| What you need to do |
Set out exactly, line by line, the stretch of data below that begins at the line containing "Floral Print Frill" and ends at the line containing "Etui z klapką", with both ends kept.

| Scraped caption text data |
[Start of section]
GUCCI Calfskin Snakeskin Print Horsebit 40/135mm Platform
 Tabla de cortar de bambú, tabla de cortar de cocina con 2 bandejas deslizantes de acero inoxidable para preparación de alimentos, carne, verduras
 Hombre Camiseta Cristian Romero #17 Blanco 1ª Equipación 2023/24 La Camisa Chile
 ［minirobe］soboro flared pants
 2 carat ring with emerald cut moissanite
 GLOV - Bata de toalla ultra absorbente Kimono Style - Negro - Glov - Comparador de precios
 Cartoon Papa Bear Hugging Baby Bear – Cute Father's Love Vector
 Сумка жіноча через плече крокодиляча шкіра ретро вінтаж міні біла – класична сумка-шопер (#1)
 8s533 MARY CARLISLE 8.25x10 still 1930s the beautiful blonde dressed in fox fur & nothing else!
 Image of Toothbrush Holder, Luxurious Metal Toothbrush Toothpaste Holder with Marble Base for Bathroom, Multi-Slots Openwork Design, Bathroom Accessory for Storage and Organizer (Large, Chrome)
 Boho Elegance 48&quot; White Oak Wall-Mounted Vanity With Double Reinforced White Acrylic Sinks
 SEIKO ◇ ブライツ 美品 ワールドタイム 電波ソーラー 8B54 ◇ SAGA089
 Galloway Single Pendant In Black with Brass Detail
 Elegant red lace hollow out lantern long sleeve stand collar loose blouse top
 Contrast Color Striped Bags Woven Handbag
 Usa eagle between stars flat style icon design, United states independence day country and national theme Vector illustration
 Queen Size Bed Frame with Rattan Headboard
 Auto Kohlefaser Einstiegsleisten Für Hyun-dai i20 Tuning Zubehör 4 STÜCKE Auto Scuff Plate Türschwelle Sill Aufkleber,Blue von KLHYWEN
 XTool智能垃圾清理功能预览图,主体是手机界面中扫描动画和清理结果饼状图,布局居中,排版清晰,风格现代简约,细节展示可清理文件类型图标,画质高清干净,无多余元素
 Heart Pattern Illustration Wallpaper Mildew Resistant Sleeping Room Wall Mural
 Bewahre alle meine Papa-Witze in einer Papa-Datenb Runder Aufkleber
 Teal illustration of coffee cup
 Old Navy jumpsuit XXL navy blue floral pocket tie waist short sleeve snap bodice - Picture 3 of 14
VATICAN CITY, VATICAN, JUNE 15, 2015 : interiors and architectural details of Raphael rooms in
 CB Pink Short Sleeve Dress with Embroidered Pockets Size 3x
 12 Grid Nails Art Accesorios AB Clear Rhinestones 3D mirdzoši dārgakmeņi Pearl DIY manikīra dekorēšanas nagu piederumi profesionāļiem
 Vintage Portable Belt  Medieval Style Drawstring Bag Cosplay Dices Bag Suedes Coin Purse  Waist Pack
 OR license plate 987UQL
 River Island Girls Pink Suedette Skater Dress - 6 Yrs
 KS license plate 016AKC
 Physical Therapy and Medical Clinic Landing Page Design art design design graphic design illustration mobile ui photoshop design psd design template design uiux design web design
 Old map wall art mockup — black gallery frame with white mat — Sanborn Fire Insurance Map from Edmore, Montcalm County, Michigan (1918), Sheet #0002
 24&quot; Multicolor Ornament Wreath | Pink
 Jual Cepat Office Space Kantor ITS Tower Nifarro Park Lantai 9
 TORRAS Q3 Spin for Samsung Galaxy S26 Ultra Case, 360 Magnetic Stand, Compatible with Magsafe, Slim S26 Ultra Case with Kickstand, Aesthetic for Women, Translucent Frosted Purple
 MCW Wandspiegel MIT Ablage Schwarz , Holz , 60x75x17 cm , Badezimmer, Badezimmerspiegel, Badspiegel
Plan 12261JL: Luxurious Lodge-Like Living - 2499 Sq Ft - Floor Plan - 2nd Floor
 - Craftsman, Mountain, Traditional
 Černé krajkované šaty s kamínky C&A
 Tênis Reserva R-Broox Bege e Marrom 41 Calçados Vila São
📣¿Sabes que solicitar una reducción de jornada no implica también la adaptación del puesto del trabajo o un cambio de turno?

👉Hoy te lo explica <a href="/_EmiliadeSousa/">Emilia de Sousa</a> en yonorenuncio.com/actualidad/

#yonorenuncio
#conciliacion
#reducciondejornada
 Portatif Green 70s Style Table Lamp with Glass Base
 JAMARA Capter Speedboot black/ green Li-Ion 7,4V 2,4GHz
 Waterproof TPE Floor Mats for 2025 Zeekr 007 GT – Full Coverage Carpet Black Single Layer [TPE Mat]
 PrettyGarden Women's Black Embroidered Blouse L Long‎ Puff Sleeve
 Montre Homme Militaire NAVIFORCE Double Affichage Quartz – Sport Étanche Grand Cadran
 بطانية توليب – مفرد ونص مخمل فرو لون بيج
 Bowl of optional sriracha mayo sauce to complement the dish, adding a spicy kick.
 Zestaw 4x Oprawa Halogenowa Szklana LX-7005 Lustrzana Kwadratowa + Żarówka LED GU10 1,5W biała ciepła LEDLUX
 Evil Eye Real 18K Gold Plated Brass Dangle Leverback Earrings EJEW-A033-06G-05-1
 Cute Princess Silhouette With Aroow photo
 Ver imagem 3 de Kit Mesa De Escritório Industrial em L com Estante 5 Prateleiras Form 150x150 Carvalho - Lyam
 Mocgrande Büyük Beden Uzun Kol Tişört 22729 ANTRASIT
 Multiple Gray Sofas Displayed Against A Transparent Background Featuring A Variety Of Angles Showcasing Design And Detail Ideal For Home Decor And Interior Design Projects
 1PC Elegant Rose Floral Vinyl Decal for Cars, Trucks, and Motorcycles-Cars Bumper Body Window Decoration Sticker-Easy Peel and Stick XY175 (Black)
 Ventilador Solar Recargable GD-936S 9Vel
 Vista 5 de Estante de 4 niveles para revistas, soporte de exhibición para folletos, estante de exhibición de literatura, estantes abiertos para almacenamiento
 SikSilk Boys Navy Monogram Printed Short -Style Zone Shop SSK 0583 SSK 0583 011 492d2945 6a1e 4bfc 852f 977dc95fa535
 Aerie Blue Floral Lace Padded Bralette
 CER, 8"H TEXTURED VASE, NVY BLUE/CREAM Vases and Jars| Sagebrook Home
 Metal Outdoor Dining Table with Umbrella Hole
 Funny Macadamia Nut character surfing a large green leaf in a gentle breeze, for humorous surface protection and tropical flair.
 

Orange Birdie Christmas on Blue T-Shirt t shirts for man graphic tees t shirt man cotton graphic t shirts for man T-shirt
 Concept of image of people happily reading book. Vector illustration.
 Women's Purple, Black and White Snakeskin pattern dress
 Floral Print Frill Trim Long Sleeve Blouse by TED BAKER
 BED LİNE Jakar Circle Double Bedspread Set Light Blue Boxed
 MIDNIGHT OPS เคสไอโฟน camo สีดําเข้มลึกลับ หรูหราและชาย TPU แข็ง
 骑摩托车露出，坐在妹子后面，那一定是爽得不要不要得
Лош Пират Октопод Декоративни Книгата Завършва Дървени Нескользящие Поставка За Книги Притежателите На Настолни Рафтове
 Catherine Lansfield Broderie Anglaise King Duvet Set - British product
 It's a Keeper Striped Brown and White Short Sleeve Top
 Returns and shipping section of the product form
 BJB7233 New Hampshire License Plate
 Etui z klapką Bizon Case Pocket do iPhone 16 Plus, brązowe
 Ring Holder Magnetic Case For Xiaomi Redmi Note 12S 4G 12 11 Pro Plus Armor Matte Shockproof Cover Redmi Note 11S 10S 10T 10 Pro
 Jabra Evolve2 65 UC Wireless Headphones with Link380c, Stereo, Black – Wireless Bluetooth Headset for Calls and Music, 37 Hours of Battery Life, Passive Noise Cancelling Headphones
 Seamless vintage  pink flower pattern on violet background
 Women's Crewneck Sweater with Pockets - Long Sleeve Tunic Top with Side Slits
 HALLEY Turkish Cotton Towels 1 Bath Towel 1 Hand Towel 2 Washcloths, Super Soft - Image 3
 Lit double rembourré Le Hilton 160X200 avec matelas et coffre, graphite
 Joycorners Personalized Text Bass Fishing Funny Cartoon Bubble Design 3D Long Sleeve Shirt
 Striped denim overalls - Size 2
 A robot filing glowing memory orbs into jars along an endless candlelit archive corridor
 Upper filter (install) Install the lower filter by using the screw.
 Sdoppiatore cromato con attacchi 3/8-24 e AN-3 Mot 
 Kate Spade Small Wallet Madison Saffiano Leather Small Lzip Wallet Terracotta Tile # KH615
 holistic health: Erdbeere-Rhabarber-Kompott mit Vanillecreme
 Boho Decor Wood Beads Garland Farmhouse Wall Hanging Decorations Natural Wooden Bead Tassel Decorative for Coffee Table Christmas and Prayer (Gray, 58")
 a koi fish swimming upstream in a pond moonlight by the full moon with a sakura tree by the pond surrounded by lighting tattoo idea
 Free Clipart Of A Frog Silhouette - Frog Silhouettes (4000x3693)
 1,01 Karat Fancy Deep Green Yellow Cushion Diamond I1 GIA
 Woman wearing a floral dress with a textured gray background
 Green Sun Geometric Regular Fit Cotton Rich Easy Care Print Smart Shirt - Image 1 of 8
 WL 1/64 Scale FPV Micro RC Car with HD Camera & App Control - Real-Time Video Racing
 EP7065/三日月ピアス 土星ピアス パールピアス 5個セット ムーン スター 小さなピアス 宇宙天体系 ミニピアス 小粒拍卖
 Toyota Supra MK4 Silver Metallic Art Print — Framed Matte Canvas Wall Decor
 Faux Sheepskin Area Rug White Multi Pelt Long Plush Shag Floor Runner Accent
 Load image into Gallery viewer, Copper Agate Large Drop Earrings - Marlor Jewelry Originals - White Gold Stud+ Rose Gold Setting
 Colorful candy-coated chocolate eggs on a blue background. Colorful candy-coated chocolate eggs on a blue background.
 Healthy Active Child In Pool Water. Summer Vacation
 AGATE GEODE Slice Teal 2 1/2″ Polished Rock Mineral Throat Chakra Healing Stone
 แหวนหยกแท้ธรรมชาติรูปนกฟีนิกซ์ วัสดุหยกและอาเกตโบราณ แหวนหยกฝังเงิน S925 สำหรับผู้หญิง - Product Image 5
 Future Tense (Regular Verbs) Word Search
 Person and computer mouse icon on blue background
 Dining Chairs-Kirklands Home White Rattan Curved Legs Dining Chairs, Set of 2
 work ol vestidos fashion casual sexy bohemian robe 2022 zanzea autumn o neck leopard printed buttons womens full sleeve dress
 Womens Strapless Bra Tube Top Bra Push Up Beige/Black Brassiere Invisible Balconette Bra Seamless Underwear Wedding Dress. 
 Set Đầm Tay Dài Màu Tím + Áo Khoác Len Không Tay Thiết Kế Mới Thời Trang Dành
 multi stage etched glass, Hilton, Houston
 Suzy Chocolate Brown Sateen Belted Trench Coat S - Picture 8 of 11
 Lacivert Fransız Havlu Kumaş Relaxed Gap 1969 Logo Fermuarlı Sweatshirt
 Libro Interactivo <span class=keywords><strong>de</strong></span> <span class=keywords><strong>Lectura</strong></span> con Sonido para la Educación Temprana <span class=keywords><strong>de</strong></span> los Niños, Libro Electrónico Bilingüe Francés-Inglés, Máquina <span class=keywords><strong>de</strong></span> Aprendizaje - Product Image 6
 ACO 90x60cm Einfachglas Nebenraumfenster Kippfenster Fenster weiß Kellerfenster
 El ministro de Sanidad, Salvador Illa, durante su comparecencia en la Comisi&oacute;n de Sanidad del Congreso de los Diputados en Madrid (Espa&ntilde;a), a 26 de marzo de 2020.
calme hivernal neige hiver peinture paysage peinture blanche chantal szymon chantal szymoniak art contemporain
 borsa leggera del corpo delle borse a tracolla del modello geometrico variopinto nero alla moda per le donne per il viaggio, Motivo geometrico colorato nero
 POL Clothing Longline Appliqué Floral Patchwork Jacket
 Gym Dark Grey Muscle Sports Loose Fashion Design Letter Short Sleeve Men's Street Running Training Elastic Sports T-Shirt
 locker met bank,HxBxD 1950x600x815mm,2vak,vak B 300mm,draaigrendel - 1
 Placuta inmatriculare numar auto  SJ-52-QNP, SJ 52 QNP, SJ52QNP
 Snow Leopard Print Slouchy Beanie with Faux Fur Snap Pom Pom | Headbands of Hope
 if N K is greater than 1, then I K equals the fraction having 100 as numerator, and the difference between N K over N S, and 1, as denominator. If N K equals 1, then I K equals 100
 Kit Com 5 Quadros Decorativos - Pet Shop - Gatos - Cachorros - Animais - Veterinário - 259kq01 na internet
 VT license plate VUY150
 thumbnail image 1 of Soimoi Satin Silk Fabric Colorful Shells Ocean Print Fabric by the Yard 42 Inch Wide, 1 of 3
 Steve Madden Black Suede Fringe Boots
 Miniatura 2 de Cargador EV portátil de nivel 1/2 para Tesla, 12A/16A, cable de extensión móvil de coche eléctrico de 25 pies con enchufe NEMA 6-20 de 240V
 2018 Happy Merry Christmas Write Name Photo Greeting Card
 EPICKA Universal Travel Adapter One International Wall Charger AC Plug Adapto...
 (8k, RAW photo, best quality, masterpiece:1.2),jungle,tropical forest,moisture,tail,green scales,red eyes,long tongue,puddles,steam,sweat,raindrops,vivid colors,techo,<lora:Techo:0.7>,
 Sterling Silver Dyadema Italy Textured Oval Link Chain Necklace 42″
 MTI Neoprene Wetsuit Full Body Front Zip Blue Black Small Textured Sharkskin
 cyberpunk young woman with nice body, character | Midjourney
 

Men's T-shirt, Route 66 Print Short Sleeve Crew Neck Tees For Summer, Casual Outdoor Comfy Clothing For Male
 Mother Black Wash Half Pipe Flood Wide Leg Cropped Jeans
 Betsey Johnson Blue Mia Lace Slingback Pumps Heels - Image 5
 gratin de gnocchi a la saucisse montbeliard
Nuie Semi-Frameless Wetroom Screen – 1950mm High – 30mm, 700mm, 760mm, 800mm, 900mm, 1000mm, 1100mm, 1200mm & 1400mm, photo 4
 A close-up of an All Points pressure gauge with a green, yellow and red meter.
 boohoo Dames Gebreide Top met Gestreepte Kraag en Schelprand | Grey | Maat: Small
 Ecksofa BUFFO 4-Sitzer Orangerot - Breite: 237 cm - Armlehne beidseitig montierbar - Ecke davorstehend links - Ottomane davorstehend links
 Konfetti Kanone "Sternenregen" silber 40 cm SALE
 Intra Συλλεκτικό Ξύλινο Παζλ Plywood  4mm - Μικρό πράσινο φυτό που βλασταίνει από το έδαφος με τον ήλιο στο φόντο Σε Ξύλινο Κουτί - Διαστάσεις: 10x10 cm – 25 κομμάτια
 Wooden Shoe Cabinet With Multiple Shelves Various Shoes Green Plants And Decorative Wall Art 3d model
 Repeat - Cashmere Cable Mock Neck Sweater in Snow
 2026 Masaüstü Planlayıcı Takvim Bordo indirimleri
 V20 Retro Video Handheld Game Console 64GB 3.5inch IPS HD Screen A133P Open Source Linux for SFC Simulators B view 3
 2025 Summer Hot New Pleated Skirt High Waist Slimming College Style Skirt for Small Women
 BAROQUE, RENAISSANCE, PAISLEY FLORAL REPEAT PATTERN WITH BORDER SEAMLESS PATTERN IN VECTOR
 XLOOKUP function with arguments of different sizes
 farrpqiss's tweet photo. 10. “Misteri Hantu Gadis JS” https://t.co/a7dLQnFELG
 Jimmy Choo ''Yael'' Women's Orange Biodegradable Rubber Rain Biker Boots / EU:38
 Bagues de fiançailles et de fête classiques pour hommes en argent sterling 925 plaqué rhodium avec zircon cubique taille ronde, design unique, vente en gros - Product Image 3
[End of section]
| Answer box |
 Floral Print Frill Trim Long Sleeve Blouse by TED BAKER
 BED LİNE Jakar Circle Double Bedspread Set Light Blue Boxed
 MIDNIGHT OPS เคสไอโฟน camo สีดําเข้มลึกลับ หรูหราและชาย TPU แข็ง
 骑摩托车露出，坐在妹子后面，那一定是爽得不要不要得
Лош Пират Октопод Декоративни Книгата Завършва Дървени Нескользящие Поставка За Книги Притежателите На Настолни Рафтове
 Catherine Lansfield Broderie Anglaise King Duvet Set - British product
 It's a Keeper Striped Brown and White Short Sleeve Top
 Returns and shipping section of the product form
 BJB7233 New Hampshire License Plate
 Etui z klapką Bizon Case Pocket do iPhone 16 Plus, brązowe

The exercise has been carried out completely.